What if we change the distribution of birthdays in the birthday paradox?

610 Views Asked by At

In a room of $n$ people, it is well known that the probability that nobody shares the same birthday is: $$\frac{365!}{(365-n)!365^n}. $$

Of course we assume here that all $Bd_i$ (random variable for the birthday of the $i$th person) are independent and they have the same distribution $X$, which is uniform on $\{1,...,365\}$.

We know that for $n=23$ the probability $p_n$ that nobody shares the same birthday is below $0.5$.

It doesn't seem relevant to change the independence hypothesis, however the uniform distribution may be changed (one could consider that people are more likely to be born in fall considering the fact that winter's evening...). More seriously, what is the effect of the law $X$ on the probability number $n(X)$ which is the first number for which $p_n$ is below $0.5$ ?

For any probability $X$ we have $n(X)\leq 23=n(\text{uniform law})$.

However, I cannot figure out a way to do this properly. I assume that we have an inequality involved but my probability is not top-level. Any help will be appreciated.

Edit : For instance, some extreme cases.

Let $X$ be Dirac. This means that $X=1$ (i.e. all people are born on the first of January) then $n(X)=2$ (if there are two people in the room they will have the same birthday).

This is the most extreme case. The probability that nobody shares the same birthday is $1$ if $n=1$, $0$ if $n>1$.

Let $X$ be uniform on $\{1,...,31\}$, i.e. every people must be born in January.

Then the probability that nobody shares the same birthday is :

$$\frac{30!}{(30-n)!30^n} $$

We then see that $n(X)=7$.

1

There are 1 best solutions below

0
On BEST ANSWER

This is only a partial answer which addresses the uniformity assumption. As Arthur noted, having non-uniform distribution favors birthday coincidences (collision). In fact, there is a stronger result.

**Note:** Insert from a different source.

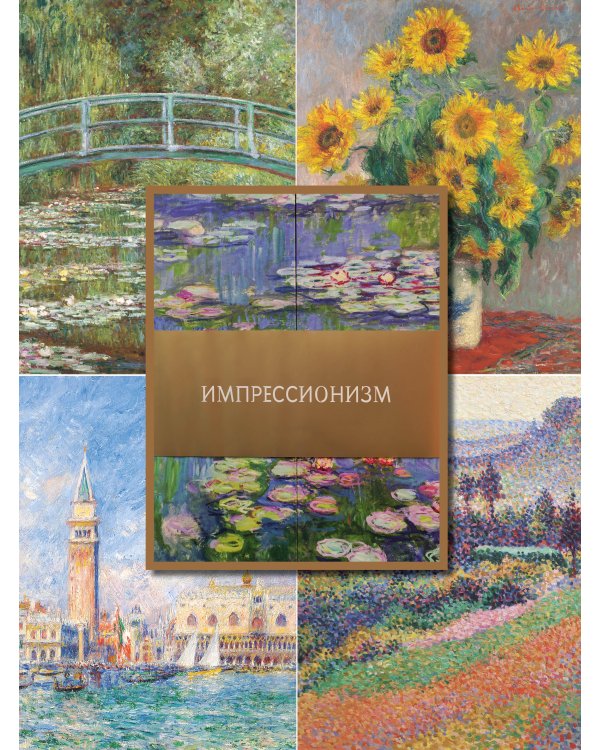 Импрессионизм. Книга в футляре + плакаты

For a probability distribution $\mathbf{p} = (p_1,p_2,\dots,p_N)$, let $T^{\mathbf p}$ be the the time of first collision for persons whose birthdays are distributed according to $\mathbf p$. That is, you take independent random variables $X_1, X_2, \dots$ with $P(X_i = j) = p_j, j=1,\dots,N$ and set $$ T^{\mathbf p} = \min\{k\ge 2: \exists\, i<k \text{ such that } X_i = X_j\}. $$ Naturally, the distribution does not depend on the order of the probabilities, so we are free to assume that $p_1\ge p_2\ge\dots\ge p_N$.

Now the announced stronger claim:

For each $n\ge 1$, the probabilities $P(T^{\mathbf p}> n)$ are Schur-concave in $\mathbf p$. This means that if $\mathbf{p}$ majorizes $\mathbf{q}$ in the sense that $p_1\ge q_1$, $p_1+p_2\ge q_1+q_2$, $\dots$, $p_1+\dots + p_{N-1} \ge q_1+\dots + q_{N-1}$, $p_1+\dots + p_{N} = q_1+\dots + q_{N-1} = 1$, then for any $n\ge 1$ $$ P(T^{\mathbf p}> n)\le P(T^{\mathbf q}> n).$$

The reason is that the probability $$ P(T^{\mathbf p}> n) = n!\sum_{1\le i_1<i_2<\dots<i_n\le N} p_{i_1}p_{i_2}\cdots p_{i_n} $$ is ($n!$ times) the elementary symmetric (Vieta) polynomial, which is Schur-concave for non-negative arguments. The latter can be easily checked with the help of the Schur-Ostrowski criterion: for $i\neq j$ $\frac{\partial}{\partial p_i} T^{\mathbf p} \le \frac{\partial}{\partial p_j} T^{\mathbf p}$ whenever $p_i\ge p_j$. This is pretty obvious if we restrict our attention to the case $p_1\ge p_2\ge \dots\ge p_N$.

Now it remains to note that any distribution with $p_1\ge p_2\ge \dots\ge p_N$ majorizes the uniform distribution on $\{1,2,\dots,N\}$.